Benjamin Earl, O.P. is an English Catholic Priest, Dominican Friar, and Canon lawyer. He is the Procurator General of the Order of Preachers —the 800-year old mendicant order colloquially known as the Dominicans.

== Education and career ==
Earl was born and raised in Canterbury, in the United Kingdom.

He read Mathematics, followed by an MSc in Computation, at St John's College, University of Oxford before entering the Dominican order, whose English motherhouse is located in Oxford, as a novice in 1997. As a novice, Earl studied Philosophy and Theology for ordination, before moving to the Dominican Friary of Santa Sabina in Rome to pursue a degree in Canon Law and to work alongside the Procurator General of the order.

In 2006, Earl returned to Oxford, serving as Bursar and as a lecturer on Canon Law at Blackfriars Hall – the English Dominican motherhouse, and later as Bursar for the Province of England, Scotland and Wales —all the while becoming an acclaimed preacher among the English Dominicans and in the wider English Catholic community.

In 2012, Earl was called to be the parish priest and Prior of a new Dominican house at St.
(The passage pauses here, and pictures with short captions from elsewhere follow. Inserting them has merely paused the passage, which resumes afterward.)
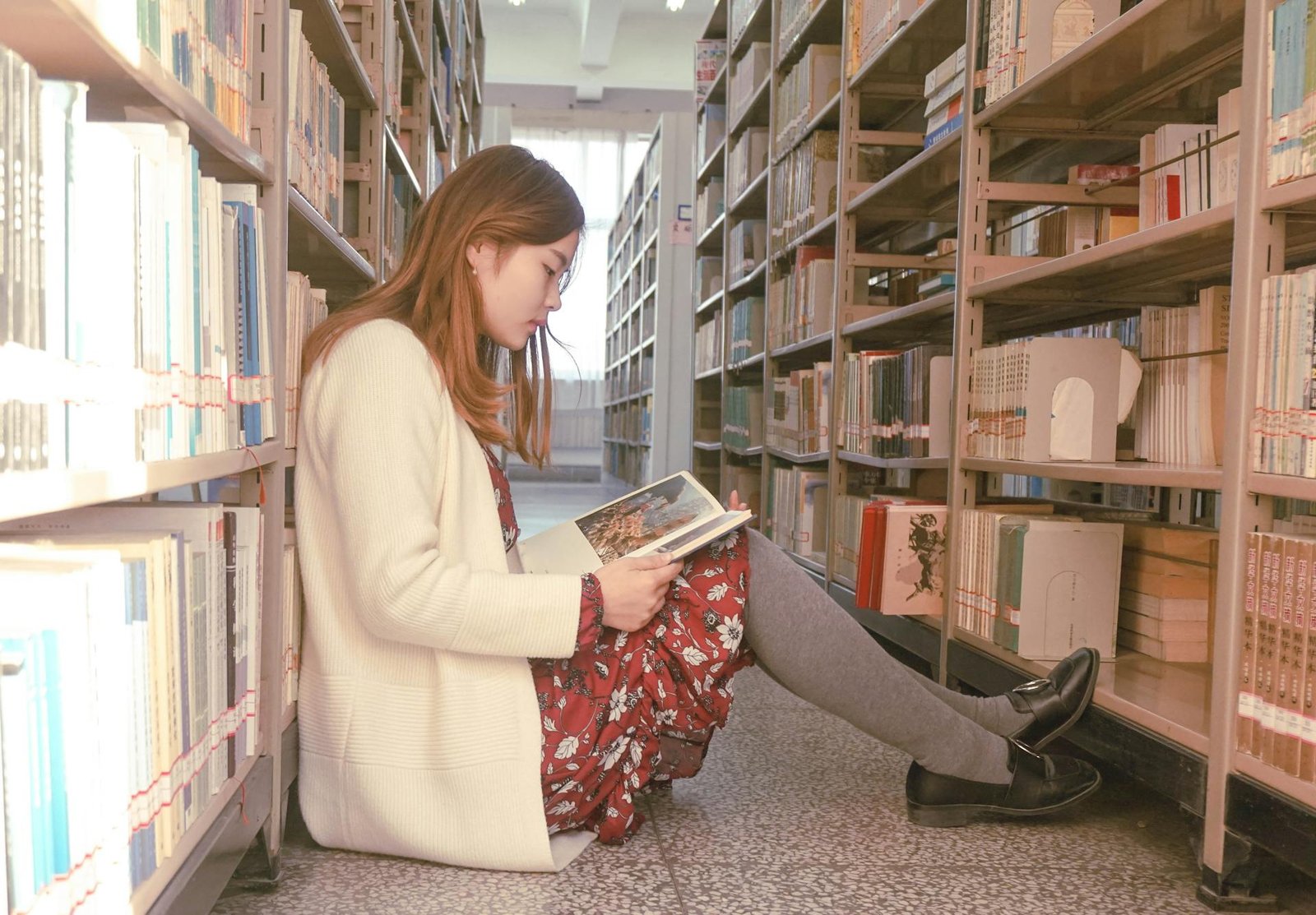 Crédito en línea para estudiantes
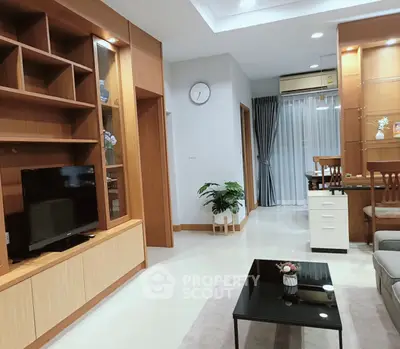 Screenshot 2568-11-08 at 20.24.08.jpg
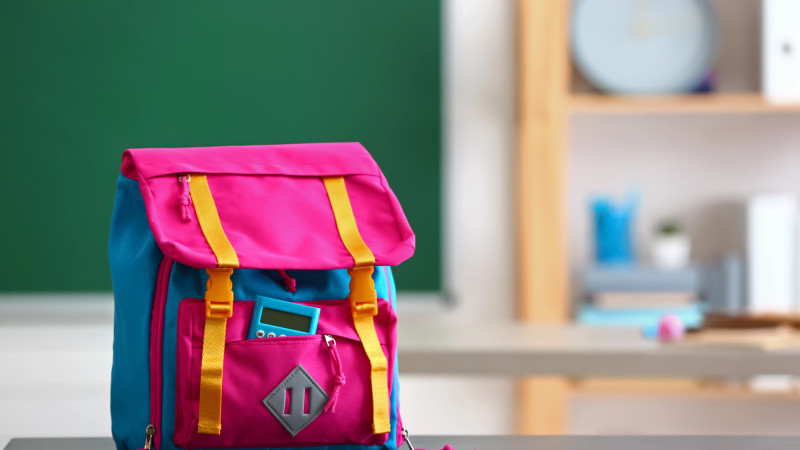 Министр просвещения Казахстана объявила о переносе сроков подачи документов в 1-й класс, ожидаются изменения в учебном процессе.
Cuthbert's Church in Durham as well as Chaplain of Durham University's Catholic Chaplaincy and Catholic Society. Additionally, he served on liturgical and economic commissions for the English Dominicans, and as a judge on the diocesan tribunal of the Diocese of Hexham and Newcastle.

Since 2016, Earl has served, at the behest of Bruno Cadoré, Master of the Order of Preachers, as Procurator General of the Order at Santa Sabina in Rome, where he has continued the preaching key to the Order alongside his work in canon law.